The other library does a better job in that they have a weekly post called “Monday Children’s Books Review” in which as expected they talk about various children’s books.  First off this caught my eye because I heavily utilize my library to find books to read to my children.  Second, this is a weekly post so I know that I can check back each week and there will be something new posted.  Third, since I do check in weekly I also happen to catch any other posts they have written during the week about other topics or upcoming events.  I do wish they did more with responding to comments as I have left comments and have seen other people leave comments but no one responds back to them.

Twitter

Many of the articles we read about libraries utilizing Twitter are several years old but I think it’s safe to say the number of people on Twitter is much higher now.  I think Twitter can take advantage of Twitter by using it to communicate with patrons and also to monitor patrons satisfaction with the library’s services as mentioned in this blog post from a senior librarian at the National University of Singapore.  My county library system is on Twitter and imagine my amazement when they replied to a complaint I made on Twitter.  They were able to resolve my problem and not only was I happy that I found an answer to my problem but I was even happier knowing that they were listening and actively trying to assist patrons.  Since then I’ve utilized Twitter to ask questions about book requests, open hours, holiday closures, etc.  All things that granted can be found on their website but it is so much more convenient to simply tweet and get an answer rather than having to remember to bookmark the library site on every computer I use or have to search to find the url to the library’s website and then navigate to find the information I want.

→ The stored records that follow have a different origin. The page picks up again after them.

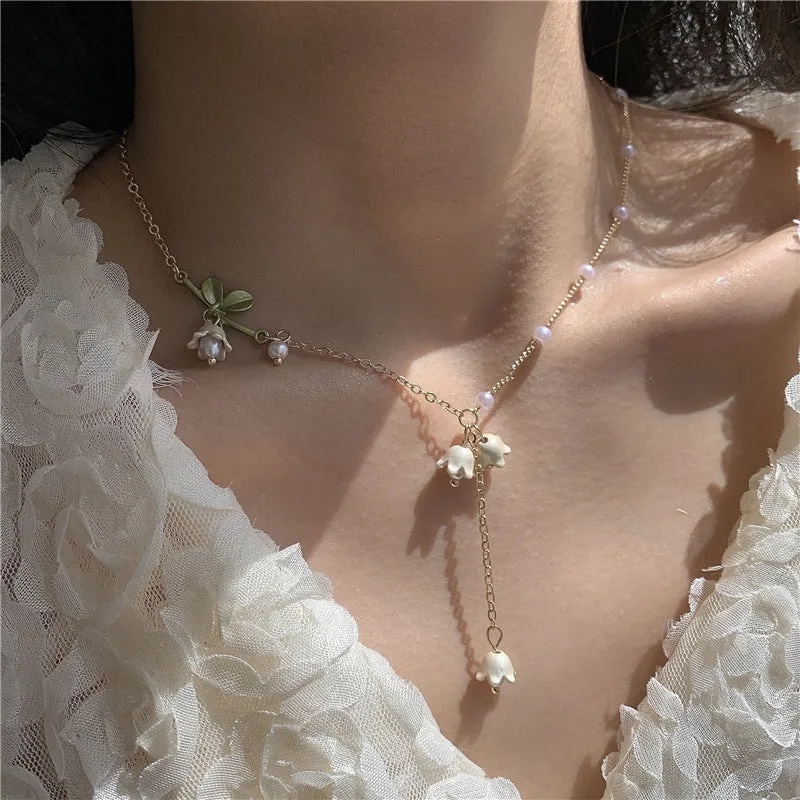 Lily Of The Valley Pearl Necklace White Fairy Flower Summer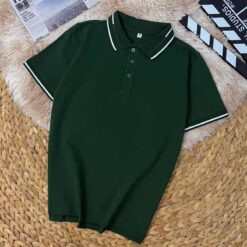 áo thun polo vải cá sấu cotton 100% màu xanh ve chai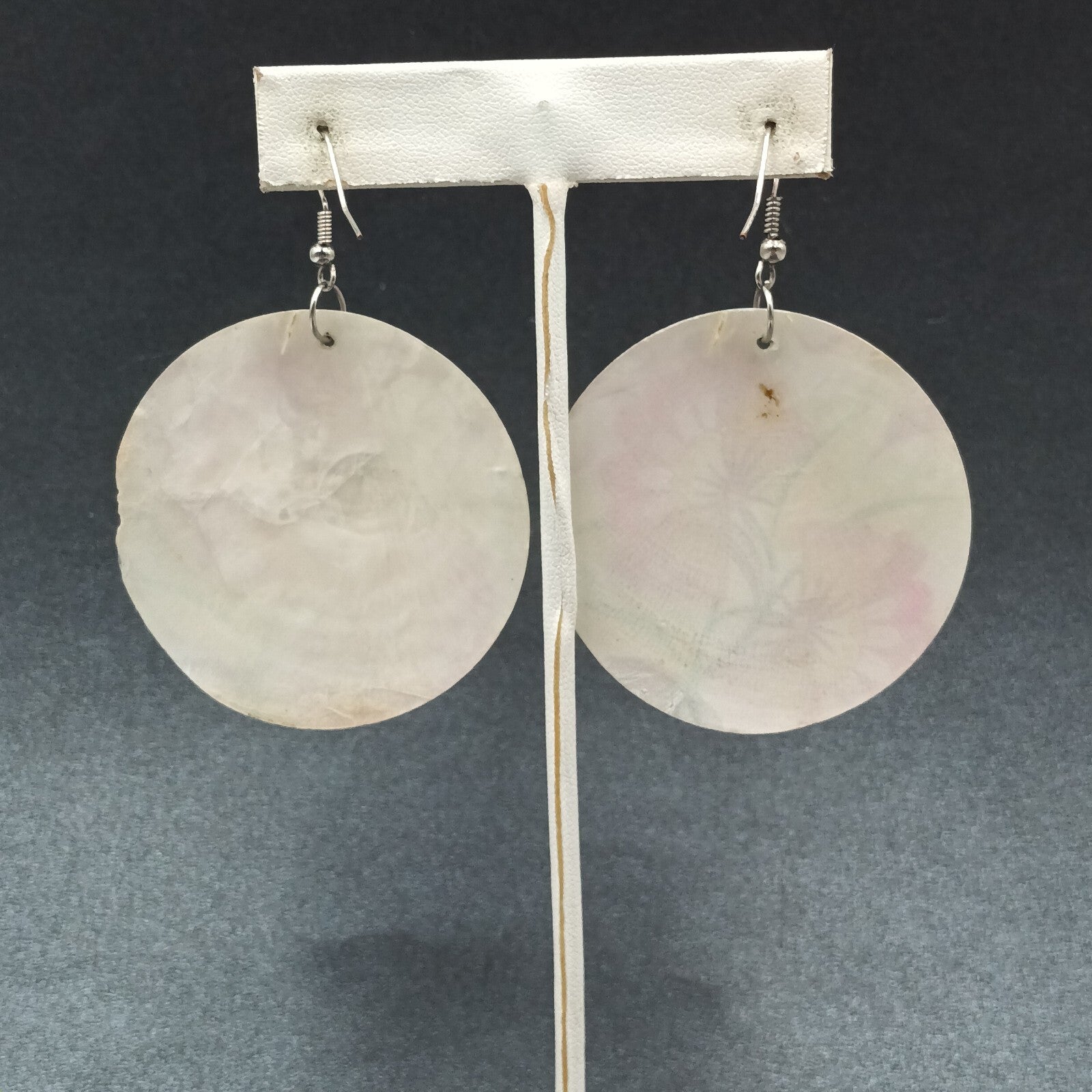 Pierced Earrings Painted Shell Round Multicolor Flower Silver tone Dangle 2"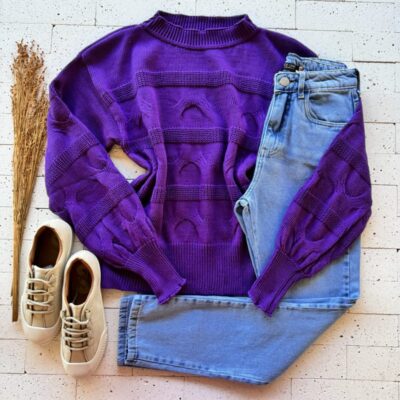 BLUSA TRICO COM PONTO DETALHADO ROXO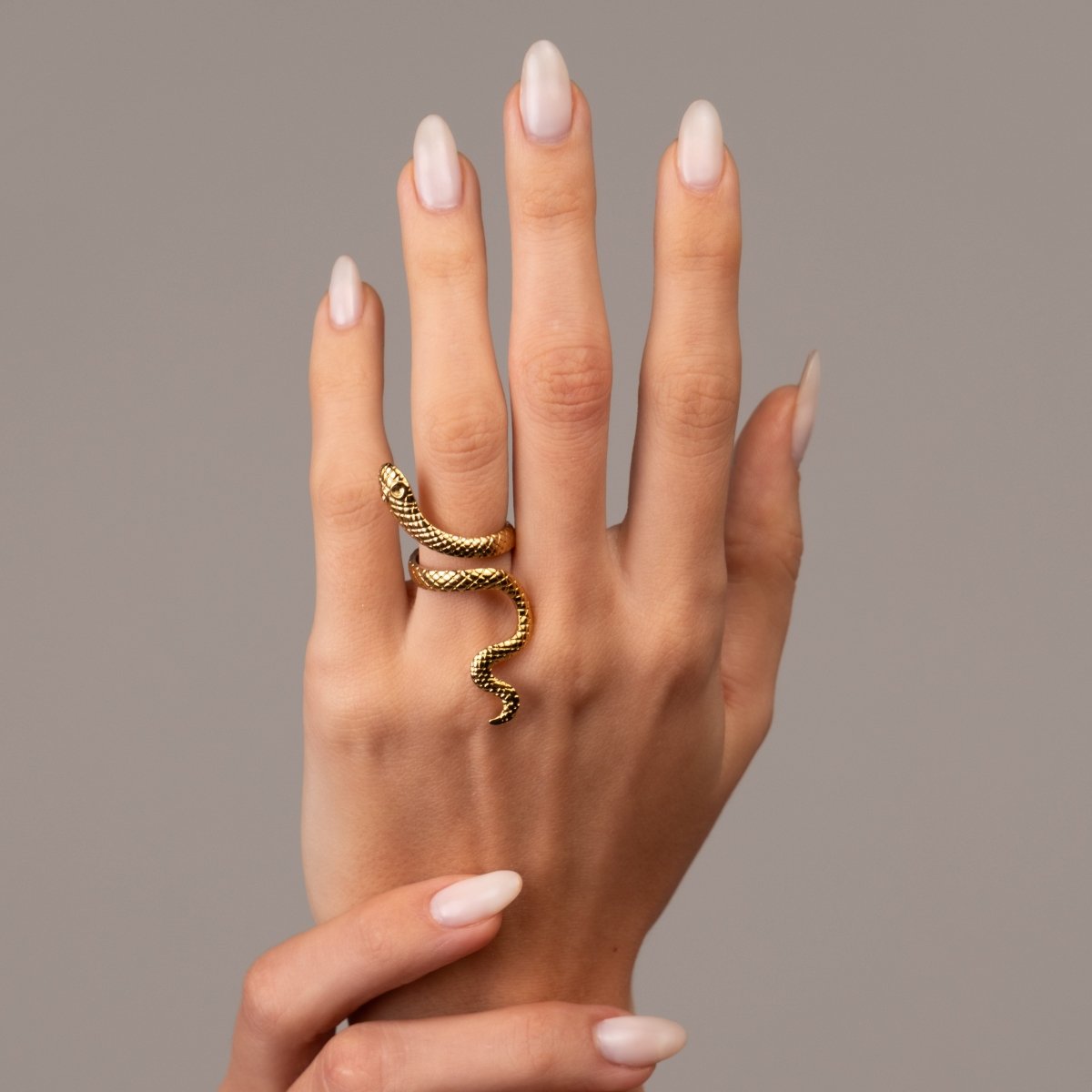 Serpent Adjustable Ring 18k Gold Plated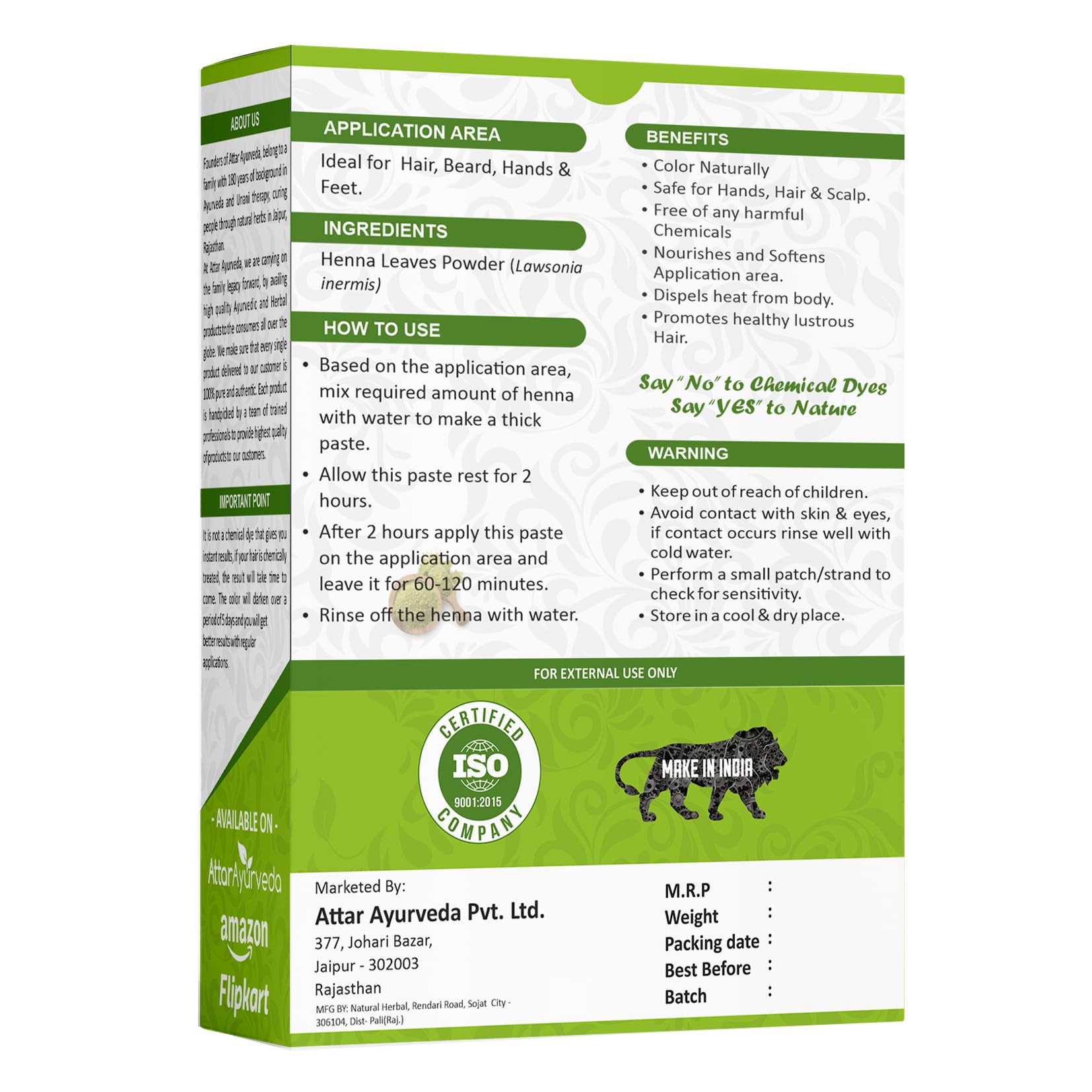 Attar Ayurveda Natural Henna powder for hair Colour and Growth (200 gm) – view 7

I think other types of tweets patrons would find useful is updates about upcoming events at the library, a highlight of new book arrivals, information about events going on around the city or especially during these times information about funding or cuts that may affect library services.  Just today I happen to see a tweet about the cuts to California’s funding for libraries.  I had not heard about this before and re-tweeted the article and saw other re-tweets.  I don’t know if this will translate into more support for libraries but it definitely helps get the news into the public eye.

As social media becomes more and more ingrained into every generation I think libraries need to embrace these technologies in order to keep up with their patrons.  It opens up new avenues of communication and possibly even new services to keep libraries relevant.